NECは12月3日、ビッグデータ向けに世界最速レベルのリアルタイム処理を低コストで実現するソフトウェア技術を開発したと発表した。

NECが今回開発した技術は、高速処理に適した数十から数百のプロセッサを実装した汎用メニーコアサーバをさらに効果的に活用するソフトウェア。このソフトウェアは、分析処理を実行するアプリケーションプログラムの効率的な並列化と、並列化された処理を多数のプロセッサコアに均一に分散させることを可能にする。

並列化技術では、NECがベクトル型スーパーコンピュータの開発で培ったプログラムの並列化技術を応用し、並列化されていないプログラムを並列処理に適したプログラムに容易に変換する技術を開発。これにより、従来は数個のプロセッサコアにしか割り当てできなかったプログラムも、汎用メニーコアサーバ中の数百個以上のプロセッサコアに割り当てることができ、処理の高速化を実現した。

負荷分散技術では、並列処理で発生するプロセッサコア間の処理負荷の差異を瞬時に均一化する技術を開発。負荷が大きいプロセッサコアから小さいプロセッサコアへ、自動的に処理を移す階層的負荷制御を実現する。
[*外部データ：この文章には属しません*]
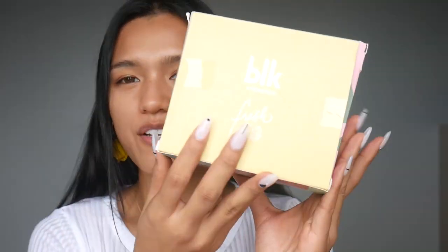Hey everyone! Welcome back to my channel. For today's video, based on the title, we are going to be talking about the BLK Cosmetics Fresh Collection. I bought the wipes, the mist, and all the shades of the creamy all-over paint because that's my favorite formula from BLK. I also want to try their lip and cheek tint, so I bought all the shades. I will try out the mist first, and then we'll go from there.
NECはこのソフトウェア技術の効果を検証するため、数百人が映っている映像の中から1名を特定する処理に適用し、百個以上のプロセッサコアを搭載したメニーコアサーバで実行した。その結果、従来は数分を要していた処理を1秒以内に短縮することができ、処理速度を100倍以上に高められることを確認したという。